The Newsgroups Intro
The Newsgroups, also known as Usenet, are a special part of the internet that pre-dates the World Wide Web. Once upon a time when the internet was still young there were special interest groups that shared information and kept in touch by using a bulletin board type system. This system was designed to take advantage of the internet in a way an old BBS couldn't: each location had a machine (news server) that would store all the messages of the newsgroups that were desired by it's users. Periodically these servers connect to each other and exchange all messages that are missing on either server. In this manner, a message sent by any user would eventually get distributed to every server that carried that newsgroup.
A short time passed and the users of certain newsgroups thought that this system would be ideal to share files with each other. However, the newsgroups were not designed to transfer binary files - they can only transfer text files. For the news server to function as a source of binary files, there's a major hurdle that must be overcome. There's no way to get around the text-only policy of a news server, so instead of trying to defeat the problem, clever people who were determined to create a file-sharing world instead worked with the problem. The solution: text-encoded binary files.
Overcoming News Server Limitations
A text-encoded binary file is information that is encoded, or transformed, from binary format to text. It's through this method that any file can be then be uploaded to a news server. You might think to yourself, "Great, let's encode this ISO to text and upload that sucka to the newsgroups!" Unfortunately, it's not that easy. There's still another problem to overcome.
A news server limits the size of an article or news post it will accept. Usually that limit is rather small. Each server is different, but generally a newsgroup article can be no longer than 5,000 lines of text. A five Gigabyte file, if converted to text, would be tens of millions, if not hundreds of millions, of lines of text. So how do uploaders get large files to the newsgroups? The sly way.

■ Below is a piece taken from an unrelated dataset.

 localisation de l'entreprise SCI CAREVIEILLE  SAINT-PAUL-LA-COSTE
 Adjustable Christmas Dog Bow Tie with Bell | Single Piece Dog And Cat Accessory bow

The process of making a binary file available on the newsgroups is complex. Most people will never upload a file the newsgroups, but the process is important to know and provides helpful insight into how the newsgroups work. Let's start off with a 700 Megabyte (MB) ISO file, which equates to around 15 million lines of text. The mission: upload this file to the alt.binaries.test newsgroup.
How The Magic Happens
The first step in the process is to chop the 700 MB file into multiple parts. When the 700 MB file is first split up into multiple parts, it becomes known as an archive. The archiving process is done using a utility such as WinRAR or HJ-Split. As a general standard for newsgroup posting, a 700 MB file is broken up into 15 MB chunks. This process is shown in Figure 1. There are no set rules for this, just a generalized approach that has proven to work.

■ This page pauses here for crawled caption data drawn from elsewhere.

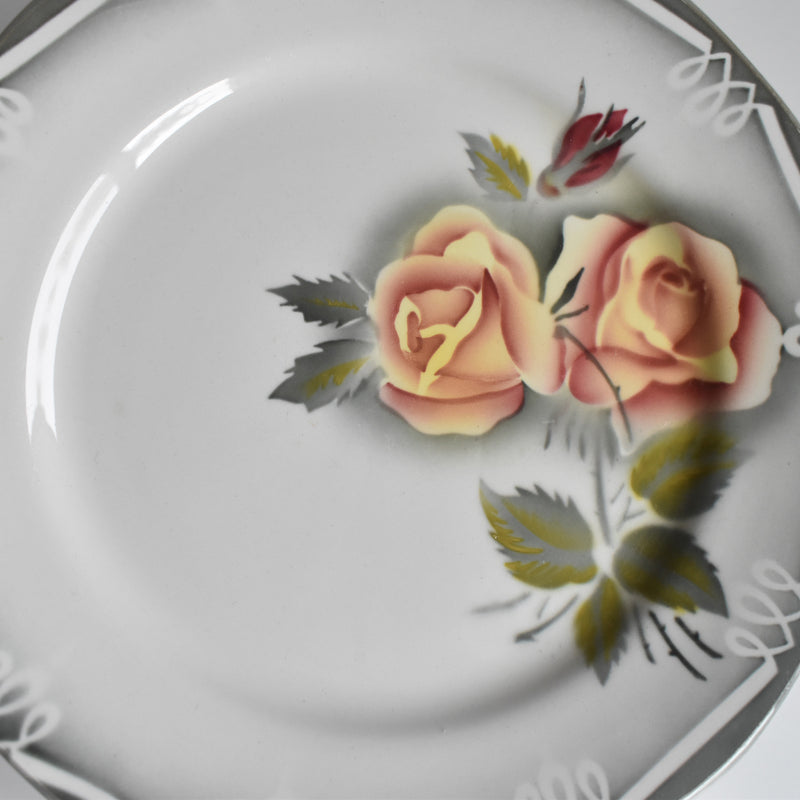 Vintage Plate Digoin & Sarreguemines Odile E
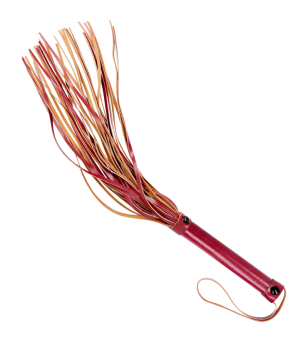 FETISH SUBMISSIVE DARK ROOM - FOUET EN CUIR VÉGÉTALIEN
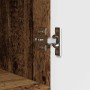 Juego de muebles de baño 3 pcs Madera vieja 76.5 x 35 x 64 cm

Figure 1: Splitting Up A Large File...
There are two types of files you'll find in a Usenet archive: RAR files and split files. WinRAR is an application used to split and compress files into an archive. Back in the day, files were uploaded/downloaded on dial-up and if you can compress the archive and save a few MBs, tremendous amounts of time could be saved. Today, bandwidth is cheaper and speeds are faster, so saving a few MBs isn't as important. Hence, split files have become more prevalant. Programs such as HJ-Split or QuickPAR easily split large files into multiple chunks, but don't compress them.
At this point, there are forty six 15 MB files, and one 10 MB file (the remainder from creating the archive); and all are still too large to post to a news server. How can the news server accept a 15 MB file that equates to over 300,000 lines of text? Figure 2 shows how we need to break it down again. Each of the archive files are further broken down into text messages (the encoding process), at which point the news server will accept the post. A 15 MB part, when posted to the newsgroups, is actually made up of 70 text messages totaling approximately 5000 lines (the 10 MB chunk will be a little less).
Figure 2: Making A Small File Even Smaller...
There are a lot of reasons why large files are split into small files. We already know that news servers won't accept articles beyond a certain size. Why not just skip the archive part and just convert the 700 MB file into text? You could, but archives are easier to deal with from an organizational standpoint - it's easy to identify and grab a few parts when necessary. PAR2 recovery files
also do a beter job handling smaller archive parts rather than one huge 700 MB file. The purpose is also partly rooted in tradition, as this is the method release groups use to distribute information. Using WinRAR allows for error-checking, which is made easier when verifying an archive made of multiple parts. Mere downloaders are the eventual beneficiaries of this process.
So is it worth it? You better believe it! With today's NZB files and indexing sites, this process is almost entirely transparent, unless you're into browsing content
. The newsgroups are an awesome resource. If you're not using them and are ready to kick it up a level, check them out. You won't believe your eyes!